Auf jeden Fall! Viele Veränderungen oder Weiterentwicklungen werden erst durch einen Streit angestoßen. Auch für das seelische Wohlbefinden kann es Sinn machen, Dinge auszusprechen, die dann zu einem Streit führen, statt alles runterzuschlucken. In der Regel müssen Dinge angesprochen werden, damit sie sich verändern.
DAS THEMA „LÄRM“ DOMINIERT
Was sind die häufigsten Anlässe für eine Mediation?
In Nachbarschaftskonflikten eindeutig das Thema „Lärm“. Dauerbrenner sind auch Wegerechte, Mülltrennung, Parkplätze, Sauberkeit und Kosten für die Allgemeinheit.
„SCHNEIDEN SIE GEFÄLLIGST DIE ÄSTE AB!“
Woran liegt es, dass – überhängende Äste eines Baumes werden ja nicht der einzige Grund dafür sein – gerade Nachbarschaftsstreitigkeiten oft so ausarten?
Ein Konflikt hat immer zwei Ebenen – eine Sach- und eine Beziehungsebene. Die Beziehungsebene wird oft schon bei der ersten Kommunikation über ein Thema gestört. „Schneiden Sie gefälligst die Äste ab, die machen nur Dreck auf unserem Grund!“ provoziert als Einstieg in das Thema schon Widerstand. Wenn dann noch die Drohung hinzukommt, bei Nichterfüllung einen Anwalt einzuschalten, ist der Konflikt ganz schnell eskaliert.

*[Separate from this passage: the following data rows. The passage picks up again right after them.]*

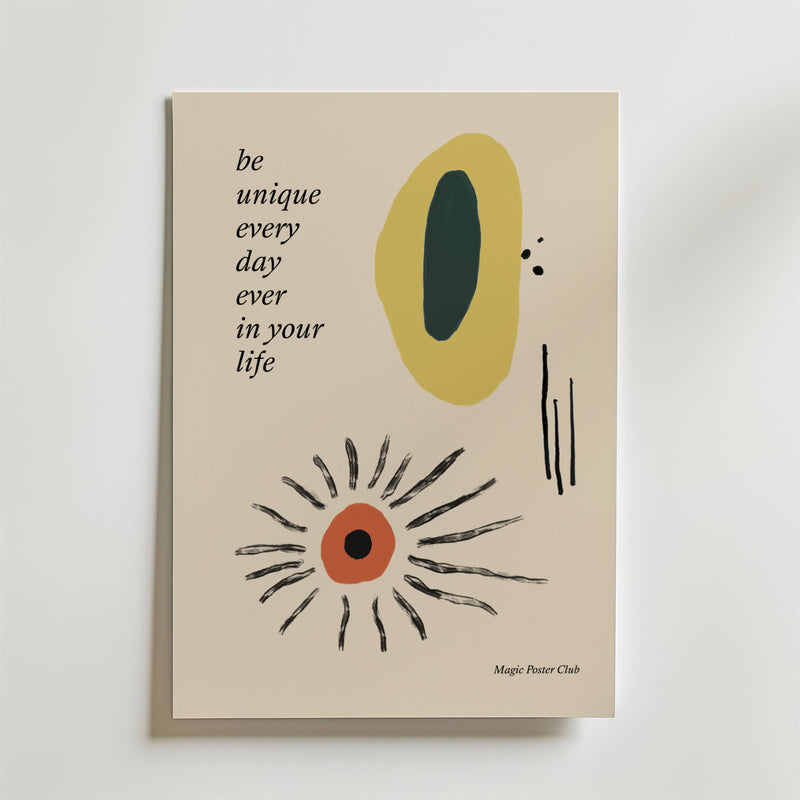 Daily You Poster från Bozetto har abstrakta gröna, gula, röda och svarta former med texten "be unique every day ever in your life" uppe till vänster på en ljusbeige bakgrund - ett konstverk som inspirerar till att uttrycka sig själv.
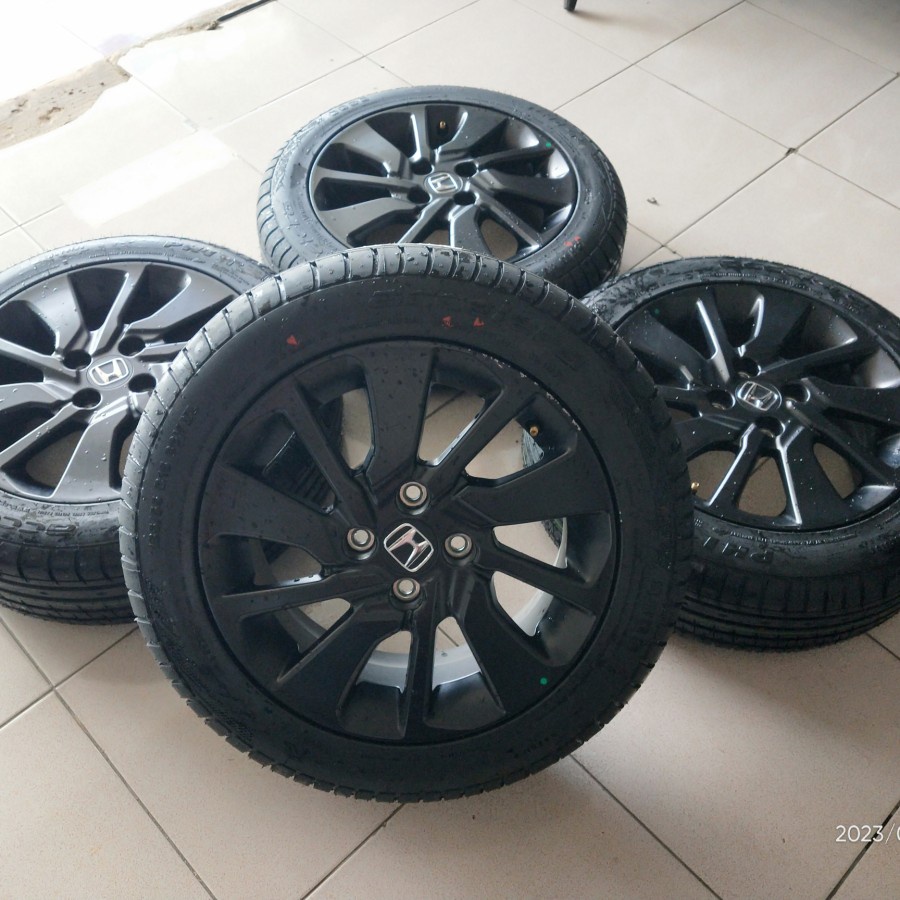 VELG MOBIL BEKAS STD BRIO RS R15X6 BAUT 4X100 ET50  + PHI 185 55 R15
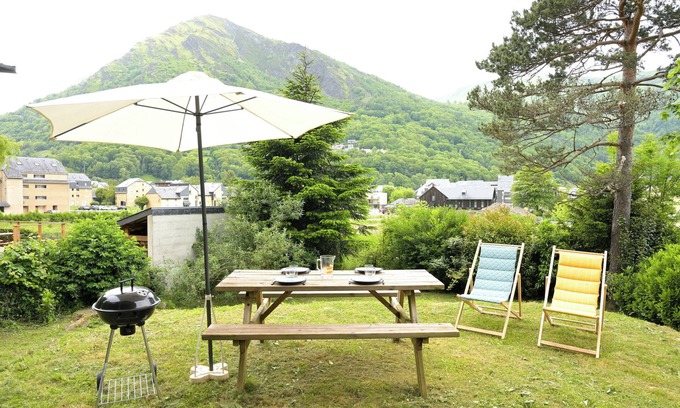 Saint-Lary-Soulan Ski Chalet | Chalet 'Appartement Les Isards' with Mountain View, Wi-Fi and Air Conditioning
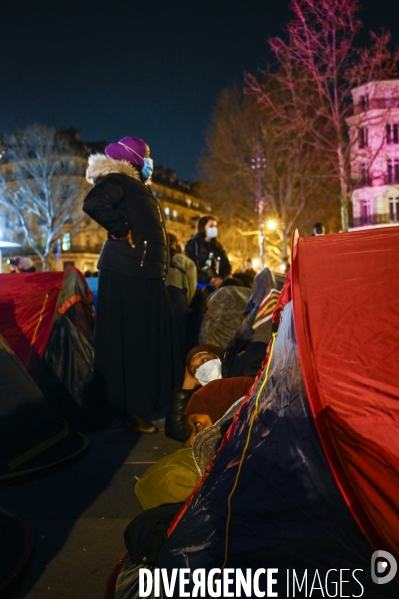 Installation d un camp de réfugiers Place de la République. Refugees camp on Place de la République, Paris.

Welche Strategien werden angewendet, wenn ein Konflikt schon einen höheren Eskalationsgrad erreicht hat?
Bei einem höheren Eskalationsgrad ist der Start mit Einzelgesprächen sinnvoll, um den Ärger loszuwerden und eine Verhandlungsbereitschaft zu erzeugen.
„Sinnlos, mit dem zu reden“, werden Sie sicher schon vernommen haben. Hat hier Mediation überhauptnoch eine Chance?
Auf jeden Fall! Diese Aussage bezieht sich ja auf die Kommunikation zwischen den Nachbarn, ohne dass ein neutraler Dritter die Kommunikation in sinnvolle Bahnen lenkt.
„GEMEINSAM ENTWICKELTE LÖSUNGEN“
Kann Mediation Gerichtsverfahren ersetzen?
Eine Mediation kann ein Gerichtsverfahren vermeiden. Wenn es aber den Beteiligten darum geht, die Schuldfrage zu klären, geht das nur über das Gericht. Für die Klärung rechtlicher Aspekte werden auch während des Mediationsverfahrens Anwälte oder Notare hinzugezogen. In der Mediation selbst geht es um gemeinsam entwickelte Lösungen, die das Zusammenleben wieder möglich machen.